Reia does not follow in this tradition, but maintains a very message-centric view of OOP which is more akin to what Alan Kay originally had in mind. I've also read that Alan Kay has claimed that not making objects concurrent was one of his greatest mistakes, although I don't have a specific citation on that one (if someone knows please leave me a comment).

Erlang vis-a-vis the actor model and its outgrowth from Smalltalk certainly embodies similar concepts.

Objection 2: Everything has to be an object

Well, this is an easy one to answer: everything doesn't have to be an object! I'm sure any Rubyist readers are groaning on that one. Pretty much every language I see coming out of other Rubyists follows this paradigm. Reia doesn't.

Reia has three fundamental types of entities: builtins, processes, and objects. Objects can be thought of as a type of process, but all objects respond to a common base set of messages. Reia's objects can thus address a particular concern of Rich Hickey's about actor-based systems:
"You can't observe anything without its cooperation/coordination - making ad-hoc reporting or analysis impossible, instead forcing every actor to participate in each protocol."
Reia implements an inheritance system, which means that you can group the protocols that you want a given set of objects to respond to together into superclasses. All objects will, at the very minimum, respond to the set of methods defined in the Object superclass.

You can certainly do the same in Erlang by placing common functionality into a "superclass" module. Reia just gives it first-class syntax and does some of the thunking a bit more automatically.

Reia also provides processes, which are for all intents and purposes identical to Erlang processes. For some reason many OO purists have messaged me asking if this is necessary and suggesting I rip it out. Reia does provide asynchronous features as part of its object system... it has (or rather, will have) equivalents for gen_server:cast and gen_server:reply. Given this, they argue, who needs processes?

I think these people don't understand that gen_server is not a one-size-fits-all solution. Since I'm building a language on top of Erlang it would be silly not to expose the full power of its messaging system and try to force everything into gen_server-shaped boxes. Reia goes the opposite route and provides processes which are virtually identical to Erlang. Reia even has the same "!" syntax for sending messages, and it works on objects as well as processes.

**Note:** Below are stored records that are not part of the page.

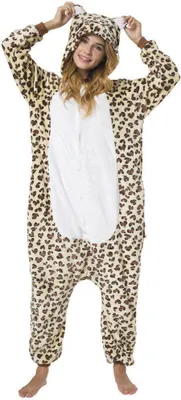 Produktbild von Katara 1744 -  Leopard braun/beige L (165-175cm), Jumpsuit, Onesie, Karneval, Overall, Party, Karnevals-Kostüm, Verkleidung zum Fasching, Schlafanzug, Hausanzug, Jogginganzug, Cosplay, Tierkostüm für Erwachsene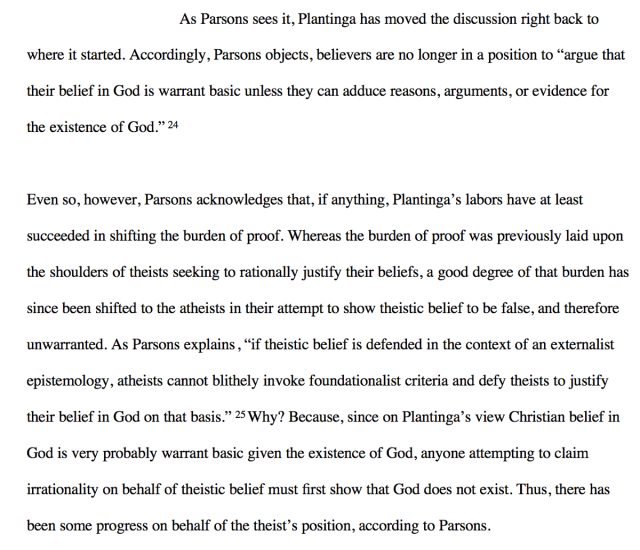 Keith Parsons on Plantinga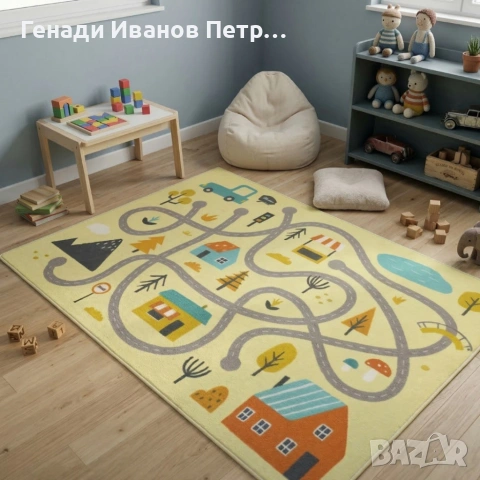 Детски килим за игра 120х160см - Светложълт килим с цветни къщички, противоплъзгащ и миещ се, снимка 3 - Други - 53875275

Reia's builtin types are made out of plain old immutable Erlang terms. They are not objects themselves. With a little bit less "throw objects at the problem" they can serve to represent all kinds of things. My hope would be programmers use builtins more and objects less than they would in a typical OOP language.

Objection 3: In an OOPL data type definitions are spread out all over the place

Guilty as charged... take another point off my Joe score. Next!

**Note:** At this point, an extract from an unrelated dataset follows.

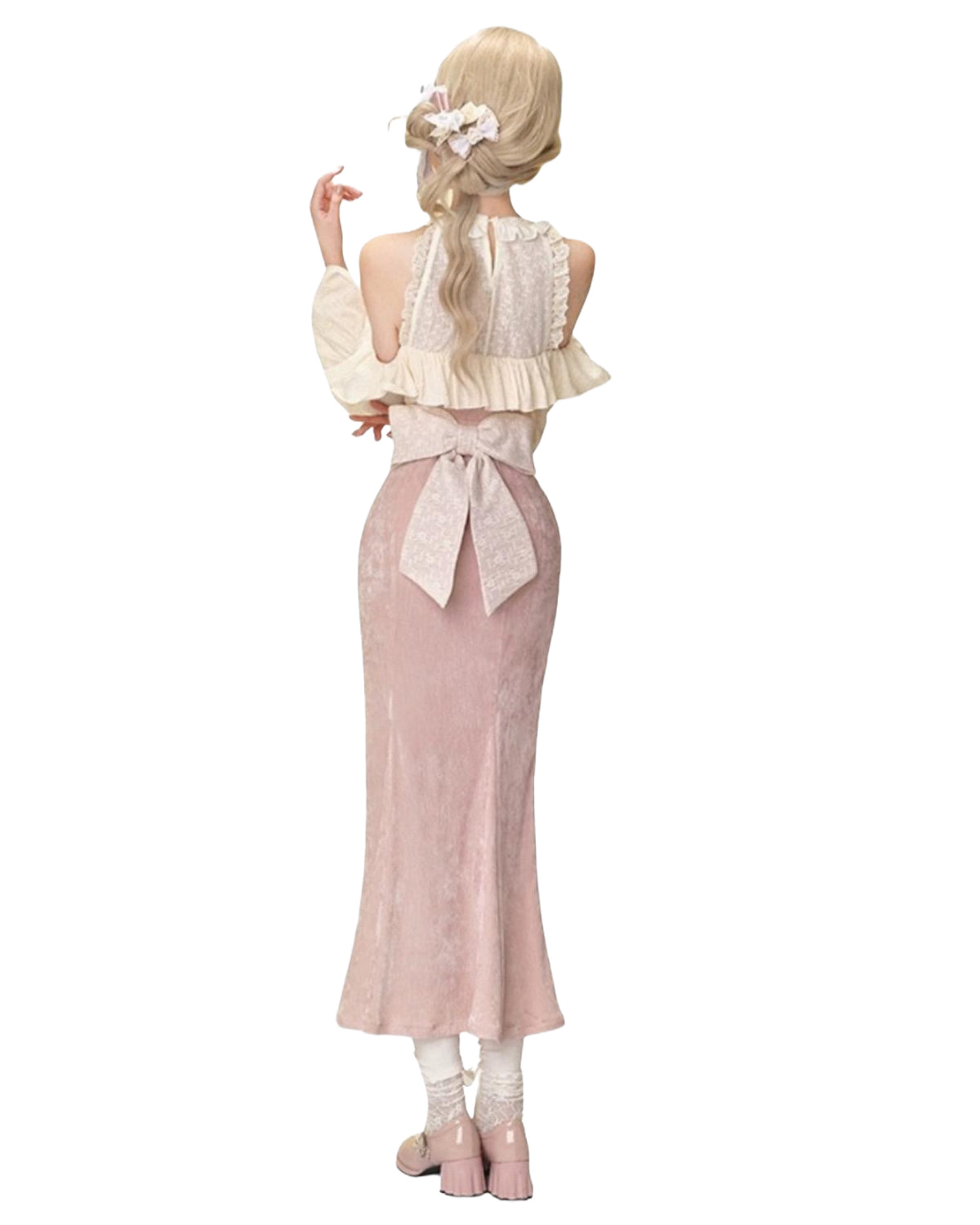 Pink Fishtail Gown Set Back View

Objection 4: Objects have private state

Also guilty. However, I hope Reia gets some bonus points in this regard for the way it implements its private state. Behind the scenes Reia's representation of "instance variables" is a pure functional one. The compiled form has the "instance variable" state (represented as a dict) enter a method (now a function) as an argument. The state is versioned throughout the compiled form, so wherever there is potential for change it's bound to a new label. When the method completes the final state is returned.

Because this state is represented in a pure functional form behind the scenes it means Reia retains some of the benefits it brings in Erlang. For example: private state is transactional, as the object's true state isn't actually updated until method dispatch has completed, in the same way a gen_server's state isn't updated until one of the handle callbacks has returned with the new state.

It also means the scope of private state is limited. Any cases I've encountered (such as lambdas) where I cannot implement state modifications in a simple, pure functional form I've avoided it. Lambdas are able to access the private state (which they close over at the time they're declared) but they are not allowed to modify it.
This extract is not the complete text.